» What to produce
Below is a block of entries; repeat exactly the lines starting at the line that contains "Inchiriez apartament cu 3 canere - 2" and ending at the line that contains "Ta Nhận Được", both included.

» Records supplied
──────

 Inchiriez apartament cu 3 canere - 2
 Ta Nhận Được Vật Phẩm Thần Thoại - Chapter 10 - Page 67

──────

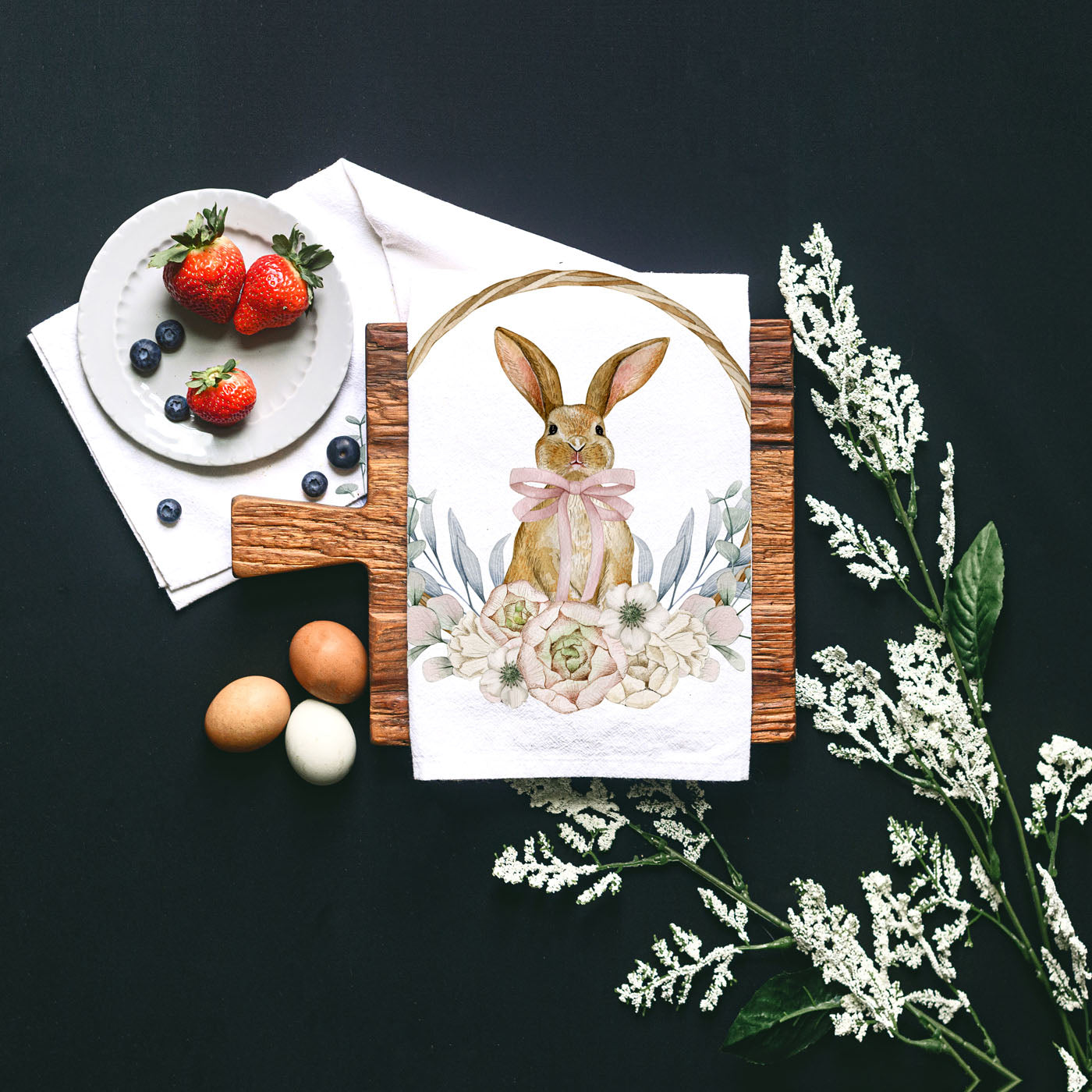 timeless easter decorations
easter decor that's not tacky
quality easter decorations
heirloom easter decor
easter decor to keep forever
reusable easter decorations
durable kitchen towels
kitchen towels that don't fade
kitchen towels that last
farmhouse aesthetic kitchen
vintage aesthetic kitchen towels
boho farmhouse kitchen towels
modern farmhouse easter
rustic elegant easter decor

──────

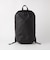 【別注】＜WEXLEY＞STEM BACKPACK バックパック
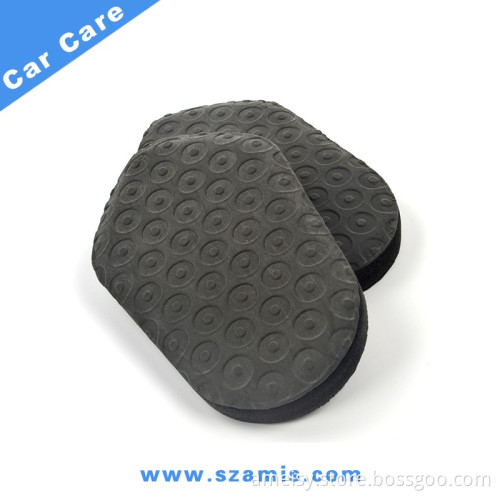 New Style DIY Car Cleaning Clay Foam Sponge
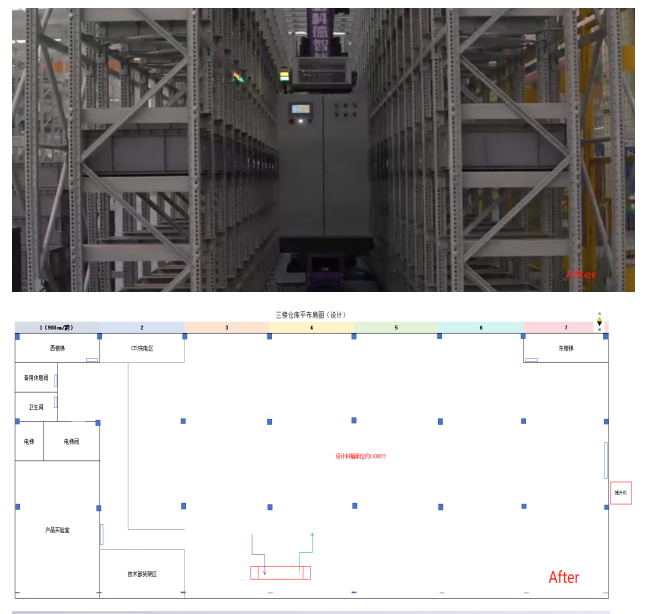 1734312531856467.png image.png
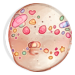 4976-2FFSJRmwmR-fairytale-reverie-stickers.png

──────

» Response
 Inchiriez apartament cu 3 canere - 2
 Ta Nhận Được Vật Phẩm Thần Thoại - Chapter 10 - Page 67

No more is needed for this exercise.